—Clyde Russell is a Reuters market analyst. The views expressed are his own.—
By Clyde Russell
LAUNCESTON, Australia, Jan 13 (Reuters) - China’s record crude oil imports in December were an impressive way to end the year, but they were far from enough to outweigh soft growth for 2013 as a whole.
Crude imports were 6.31 million barrels per day (bpd) last month, boosted 10.1 percent over November’s 5.73 million bpd as two large refineries restarted operations after maintenance.
But overall crude imports for last year were 5.64 million bpd, a gain of 4 percent over 2012, well down from the 6.8 percent increase in 2012 from 2011.
The weakness in crude import growth is further underlined by looking at the fall in net imports of refined products.
China’s net crude imports for 2013 were 5.61 million bpd, as the country does export small amounts of oil. That was a gain from 2012 of about 250,000 bpd.
Net product imports dropped to 221,600 bpd last year, a loss of 84,000 bpd from 2012.
The change in net fuel imports was driven almost entirely by higher exports, with outbound product shipments rising to about 570,000 bpd from 2012’s 484,000 bpd, while product imports were largely steady.
Taken together, net crude and fuel imports last year were 5.83 million bpd, up about 160,000 bpd, or 2.8 percent, from 2012’s 5.67 million bpd.
This figure is a truer reflection of the overall state of Chinese import demand.
Put another way, while crude oil imports were about 230,000 bpd higher in 2013, exports of refined products rose about 86,000 bpd.
This means the increase in crude imports to meet rising domestic demand or for stockpiling was weaker than it may appear at first glance.
This in turn suggests the Chinese economy is using fuel more efficiently, as economic growth is likely to be around 7.6 percent for year to end-December, down only slightly from 7.9 percent in the previous year.
It’s also interesting to look at the breakdown of the trade in refined products.
Full-year figures are likely to be published next week, but in the 11 months to end-November, China’s exports of light diesel were about 55,200 bpd, up from the 32,500 bpd over the same period in 2012.
The real difference, though, was in diesel imports, which fell to about 10,200 bpd in the first 11 months of 2013 from about 30,500 bpd for the same period in 2012.
On a net basis, China exported about 45,000 bpd of diesel on the year to November, against net exports in 2012 of a tiny 2,000 bpd.
China imports virtually no gasoline, but exports surged to 109,000 bpd in the first 11 months of 2013 from about 57,000 bpd in the same period in 2012.

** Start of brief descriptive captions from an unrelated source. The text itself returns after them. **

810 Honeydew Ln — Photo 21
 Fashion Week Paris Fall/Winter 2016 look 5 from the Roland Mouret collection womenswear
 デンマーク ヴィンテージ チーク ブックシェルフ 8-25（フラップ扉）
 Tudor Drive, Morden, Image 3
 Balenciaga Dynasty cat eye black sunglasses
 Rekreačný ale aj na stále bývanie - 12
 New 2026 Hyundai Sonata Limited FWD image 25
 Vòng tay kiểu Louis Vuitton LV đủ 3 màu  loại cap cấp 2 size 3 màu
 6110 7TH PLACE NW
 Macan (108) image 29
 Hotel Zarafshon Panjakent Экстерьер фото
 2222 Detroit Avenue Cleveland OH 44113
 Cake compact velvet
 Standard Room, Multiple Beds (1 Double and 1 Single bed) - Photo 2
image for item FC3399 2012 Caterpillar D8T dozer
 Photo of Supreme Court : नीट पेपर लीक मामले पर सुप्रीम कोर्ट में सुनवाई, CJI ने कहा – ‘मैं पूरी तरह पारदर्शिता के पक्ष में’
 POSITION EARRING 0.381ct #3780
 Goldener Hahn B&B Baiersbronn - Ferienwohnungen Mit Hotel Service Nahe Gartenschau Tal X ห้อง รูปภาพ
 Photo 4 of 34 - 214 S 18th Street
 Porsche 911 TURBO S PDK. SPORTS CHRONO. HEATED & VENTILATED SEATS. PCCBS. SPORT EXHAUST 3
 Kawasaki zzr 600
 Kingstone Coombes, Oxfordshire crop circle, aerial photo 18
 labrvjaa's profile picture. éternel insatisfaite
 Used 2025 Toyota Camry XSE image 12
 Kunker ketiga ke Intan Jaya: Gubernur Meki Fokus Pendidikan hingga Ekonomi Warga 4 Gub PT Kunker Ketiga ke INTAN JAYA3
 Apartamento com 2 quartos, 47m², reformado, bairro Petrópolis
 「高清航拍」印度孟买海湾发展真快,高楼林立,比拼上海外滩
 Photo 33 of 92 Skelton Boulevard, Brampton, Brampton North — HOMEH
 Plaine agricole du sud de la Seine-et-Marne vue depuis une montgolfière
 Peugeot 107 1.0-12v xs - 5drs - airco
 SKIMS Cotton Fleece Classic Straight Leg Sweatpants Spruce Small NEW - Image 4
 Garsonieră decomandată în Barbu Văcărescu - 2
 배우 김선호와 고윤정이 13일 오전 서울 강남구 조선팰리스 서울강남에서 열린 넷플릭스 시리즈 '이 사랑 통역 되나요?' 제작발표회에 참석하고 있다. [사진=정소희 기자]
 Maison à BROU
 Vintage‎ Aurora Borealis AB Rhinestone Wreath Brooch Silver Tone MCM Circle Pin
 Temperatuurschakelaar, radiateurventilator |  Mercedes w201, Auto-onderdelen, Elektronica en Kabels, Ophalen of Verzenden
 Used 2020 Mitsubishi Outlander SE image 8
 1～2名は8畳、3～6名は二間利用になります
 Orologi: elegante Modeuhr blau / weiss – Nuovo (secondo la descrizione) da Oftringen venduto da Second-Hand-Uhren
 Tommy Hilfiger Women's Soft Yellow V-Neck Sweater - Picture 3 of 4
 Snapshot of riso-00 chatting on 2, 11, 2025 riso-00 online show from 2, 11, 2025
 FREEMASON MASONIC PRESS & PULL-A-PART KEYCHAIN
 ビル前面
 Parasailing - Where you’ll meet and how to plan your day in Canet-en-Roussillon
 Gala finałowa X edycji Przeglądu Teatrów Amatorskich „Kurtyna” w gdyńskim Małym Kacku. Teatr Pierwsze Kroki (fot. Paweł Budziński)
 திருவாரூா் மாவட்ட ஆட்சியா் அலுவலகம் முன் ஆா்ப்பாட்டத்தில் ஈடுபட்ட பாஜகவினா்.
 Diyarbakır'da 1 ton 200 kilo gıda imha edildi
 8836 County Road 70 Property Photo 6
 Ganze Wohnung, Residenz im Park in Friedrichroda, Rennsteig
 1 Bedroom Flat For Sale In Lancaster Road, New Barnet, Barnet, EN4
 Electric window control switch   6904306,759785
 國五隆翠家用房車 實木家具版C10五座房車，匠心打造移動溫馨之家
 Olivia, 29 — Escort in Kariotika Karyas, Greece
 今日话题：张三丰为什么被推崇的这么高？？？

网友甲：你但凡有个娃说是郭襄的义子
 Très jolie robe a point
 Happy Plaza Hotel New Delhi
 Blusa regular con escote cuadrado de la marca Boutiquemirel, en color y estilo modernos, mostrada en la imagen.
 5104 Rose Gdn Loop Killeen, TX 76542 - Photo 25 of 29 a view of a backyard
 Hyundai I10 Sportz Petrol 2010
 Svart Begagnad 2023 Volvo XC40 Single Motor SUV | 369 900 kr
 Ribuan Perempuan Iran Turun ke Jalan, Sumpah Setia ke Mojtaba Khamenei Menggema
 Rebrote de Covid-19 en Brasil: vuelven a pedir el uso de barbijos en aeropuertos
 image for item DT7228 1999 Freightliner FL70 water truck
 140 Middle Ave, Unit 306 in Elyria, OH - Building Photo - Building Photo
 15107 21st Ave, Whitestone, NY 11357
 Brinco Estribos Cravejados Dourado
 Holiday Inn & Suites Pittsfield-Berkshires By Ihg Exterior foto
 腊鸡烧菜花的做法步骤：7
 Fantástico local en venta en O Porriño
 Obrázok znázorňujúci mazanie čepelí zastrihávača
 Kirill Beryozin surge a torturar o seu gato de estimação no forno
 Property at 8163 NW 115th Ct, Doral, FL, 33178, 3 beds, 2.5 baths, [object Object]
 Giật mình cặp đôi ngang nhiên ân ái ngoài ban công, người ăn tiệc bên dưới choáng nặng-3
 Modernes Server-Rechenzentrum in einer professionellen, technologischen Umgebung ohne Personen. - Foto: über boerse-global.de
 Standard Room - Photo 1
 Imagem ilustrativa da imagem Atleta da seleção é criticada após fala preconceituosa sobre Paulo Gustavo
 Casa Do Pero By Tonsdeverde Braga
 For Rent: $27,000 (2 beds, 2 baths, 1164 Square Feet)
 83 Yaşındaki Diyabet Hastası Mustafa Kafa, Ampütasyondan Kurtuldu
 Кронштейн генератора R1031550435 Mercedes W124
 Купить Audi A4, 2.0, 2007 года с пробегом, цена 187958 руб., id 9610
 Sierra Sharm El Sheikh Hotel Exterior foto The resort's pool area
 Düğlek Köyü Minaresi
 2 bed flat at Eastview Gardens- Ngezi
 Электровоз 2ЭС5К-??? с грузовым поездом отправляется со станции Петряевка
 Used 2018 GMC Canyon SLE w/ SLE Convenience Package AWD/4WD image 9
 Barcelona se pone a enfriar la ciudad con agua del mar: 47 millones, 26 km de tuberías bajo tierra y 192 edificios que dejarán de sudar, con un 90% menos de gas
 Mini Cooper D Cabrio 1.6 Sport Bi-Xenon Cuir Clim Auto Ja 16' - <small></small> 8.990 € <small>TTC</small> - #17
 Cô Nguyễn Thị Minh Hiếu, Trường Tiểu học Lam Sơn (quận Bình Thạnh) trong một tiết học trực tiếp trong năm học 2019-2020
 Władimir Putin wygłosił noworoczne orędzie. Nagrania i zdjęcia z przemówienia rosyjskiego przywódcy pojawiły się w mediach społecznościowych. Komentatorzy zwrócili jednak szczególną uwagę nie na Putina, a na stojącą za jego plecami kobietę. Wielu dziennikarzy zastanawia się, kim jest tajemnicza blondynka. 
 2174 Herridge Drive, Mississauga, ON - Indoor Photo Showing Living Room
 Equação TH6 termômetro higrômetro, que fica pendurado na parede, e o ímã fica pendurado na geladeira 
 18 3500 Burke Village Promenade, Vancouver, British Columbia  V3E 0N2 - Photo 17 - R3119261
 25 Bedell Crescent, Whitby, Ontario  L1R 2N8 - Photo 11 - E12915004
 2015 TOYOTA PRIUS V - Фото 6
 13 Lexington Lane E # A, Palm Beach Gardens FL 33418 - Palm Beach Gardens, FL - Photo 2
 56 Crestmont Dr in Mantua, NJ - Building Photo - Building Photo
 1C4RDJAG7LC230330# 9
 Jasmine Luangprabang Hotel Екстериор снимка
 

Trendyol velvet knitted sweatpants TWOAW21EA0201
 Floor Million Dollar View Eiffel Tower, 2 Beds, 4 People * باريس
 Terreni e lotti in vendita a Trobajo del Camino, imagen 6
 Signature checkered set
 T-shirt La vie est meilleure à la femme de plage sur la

The big import item is fuel oil, which is used as a feedstock by smaller, private refiners. The significant thing to note here is that for the first 11 months imports were largely steady, with 2013 recording 443,000 bpd, down fractionally from 454,000 bpd for the same period in 2012.
This trend is likely to continue with more Chinese refining capacity coming onstream in 2014 and a gradual shift toward allowing private refiners to import crude rather than fuel oil.
Two major new refineries, PetroChina Co Ltd’s Sichuan and Sinochem Corp’s Quanzhou, with a combined capacity of 440,000 bpd, are also currently starting up and should be fully operational in the first quarter of this year.
This means crude imports are likely to be higher in 2014, but again the key factor to watch will be product exports.
Higher product exports should put pressure on Asian refining margins, only it’s far from certain that the extra refining capacity will end up as product exports, as government permits are still required.